* [WHAT TO WORK ON]: Nothing but the pictures should be left out when the entries below are duplicated.

* [RECORDS]:

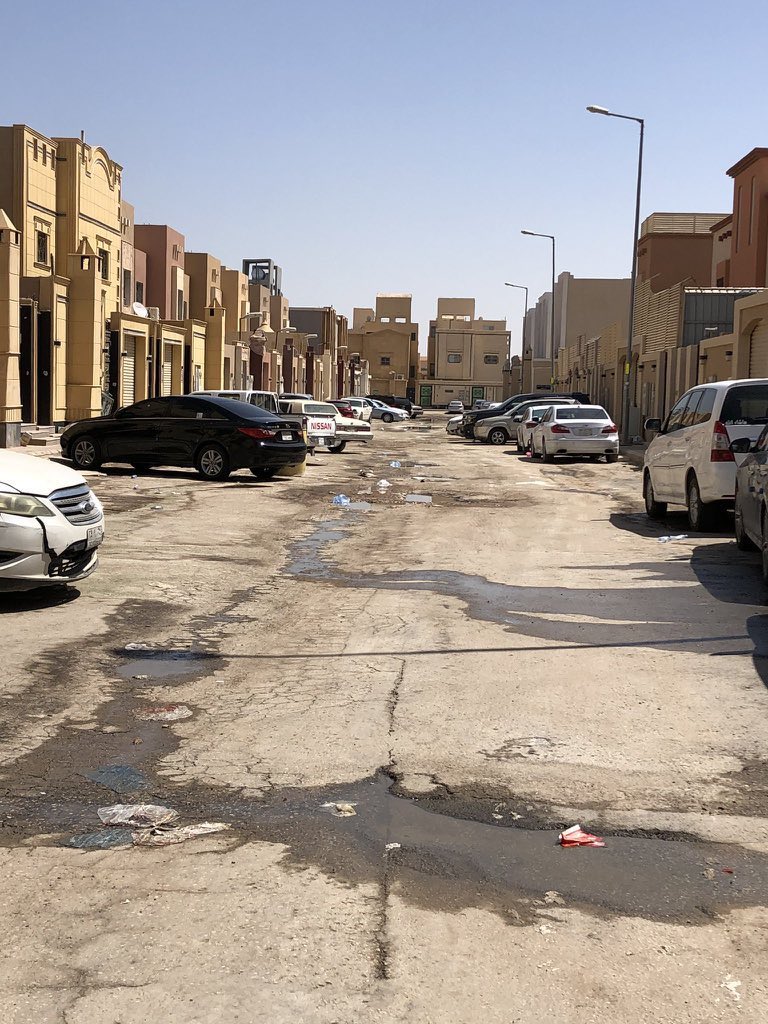 z21of's tweet photo. نبي واحد مختص يقدر يفيدنا ويعلمنا وش المشكلة مع فكرة ان الشارع يكون نظيف والمواقف تكون مرتبة قدام كل بيت مع شجر يعني وين الصعوبة؟
الوضع كارثي لدرجه ان الواحد صار يكره السواقه ويخاف على سيارته بسبب دمار الشوارع والحارات https://t.co/Wx71zHWmaH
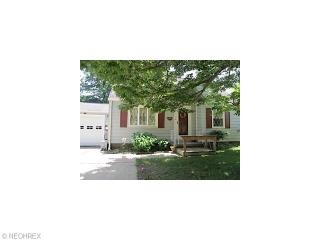 2240 39th St, Canton, OH 44709-2212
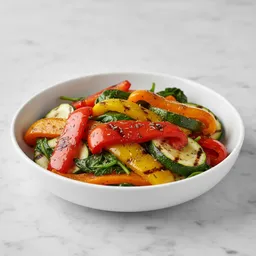 Grilled Bell Peppers, Zucchini, And Spinach Mix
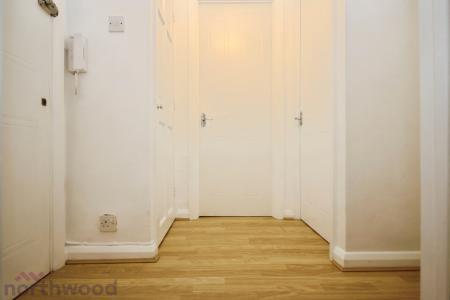 1 bedroom Flat to let in Old Coach Drive, High Wycombe, HP11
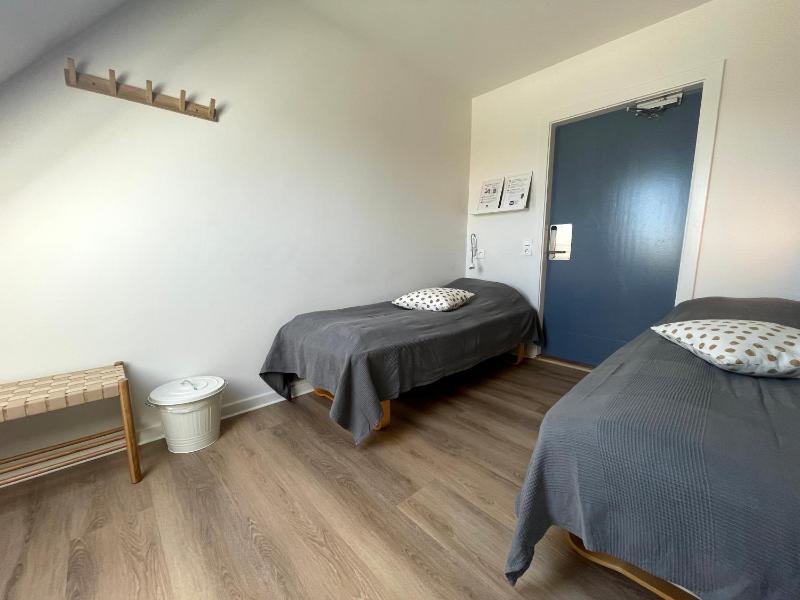 Twin Room with Shared Bathroom image 3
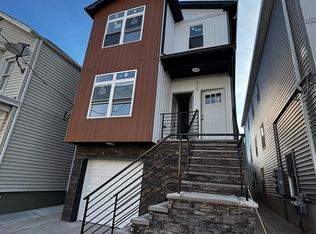 565 E 24th St #202, Paterson, NJ 07514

* [ANSWER SPACE]:
 z21of's tweet photo. نبي واحد مختص يقدر يفيدنا ويعلمنا وش المشكلة مع فكرة ان الشارع يكون نظيف والمواقف تكون مرتبة قدام كل بيت مع شجر يعني وين الصعوبة؟
الوضع كارثي لدرجه ان الواحد صار يكره السواقه ويخاف على سيارته بسبب دمار الشوارع والحارات https://t.co/Wx71zHWmaH
 2240 39th St, Canton, OH 44709-2212
 Grilled Bell Peppers, Zucchini, And Spinach Mix
 1 bedroom Flat to let in Old Coach Drive, High Wycombe, HP11
 Twin Room with Shared Bathroom image 3
 565 E 24th St #202, Paterson, NJ 07514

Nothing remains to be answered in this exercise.